» INFORMATION SUPPLIED

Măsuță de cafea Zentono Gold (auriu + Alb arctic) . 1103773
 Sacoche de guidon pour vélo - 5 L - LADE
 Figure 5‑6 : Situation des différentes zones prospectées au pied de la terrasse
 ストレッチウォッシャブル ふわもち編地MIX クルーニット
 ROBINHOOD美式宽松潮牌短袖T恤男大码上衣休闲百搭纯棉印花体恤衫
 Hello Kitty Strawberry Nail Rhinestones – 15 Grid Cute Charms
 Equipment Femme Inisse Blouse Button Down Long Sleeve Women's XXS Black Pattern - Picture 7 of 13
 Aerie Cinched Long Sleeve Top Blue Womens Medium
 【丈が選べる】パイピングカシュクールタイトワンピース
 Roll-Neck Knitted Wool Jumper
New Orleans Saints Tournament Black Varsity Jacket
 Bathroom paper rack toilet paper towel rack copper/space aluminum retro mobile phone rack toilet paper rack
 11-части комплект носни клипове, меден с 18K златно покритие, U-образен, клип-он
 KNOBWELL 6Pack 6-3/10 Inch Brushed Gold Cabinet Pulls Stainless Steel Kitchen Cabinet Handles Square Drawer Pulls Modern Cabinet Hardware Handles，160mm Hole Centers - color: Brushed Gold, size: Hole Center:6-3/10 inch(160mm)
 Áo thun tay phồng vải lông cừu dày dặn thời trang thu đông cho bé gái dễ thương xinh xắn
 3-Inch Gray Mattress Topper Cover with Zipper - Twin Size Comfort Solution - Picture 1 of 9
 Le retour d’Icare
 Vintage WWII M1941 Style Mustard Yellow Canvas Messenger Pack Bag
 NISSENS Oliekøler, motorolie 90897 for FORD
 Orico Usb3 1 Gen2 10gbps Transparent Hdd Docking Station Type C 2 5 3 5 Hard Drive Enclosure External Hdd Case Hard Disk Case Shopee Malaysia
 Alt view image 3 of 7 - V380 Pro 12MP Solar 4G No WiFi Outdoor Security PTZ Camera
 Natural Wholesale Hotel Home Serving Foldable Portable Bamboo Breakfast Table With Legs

» DIRECTIONS
Lines from the start of the material through the line containing "Hello Kitty Strawberry" are wanted. Write them out exactly.

» OUTPUT FOR THIS TASK
Măsuță de cafea Zentono Gold (auriu + Alb arctic) . 1103773
 Sacoche de guidon pour vélo - 5 L - LADE
 Figure 5‑6 : Situation des différentes zones prospectées au pied de la terrasse
 ストレッチウォッシャブル ふわもち編地MIX クルーニット
 ROBINHOOD美式宽松潮牌短袖T恤男大码上衣休闲百搭纯棉印花体恤衫
 Hello Kitty Strawberry Nail Rhinestones – 15 Grid Cute Charms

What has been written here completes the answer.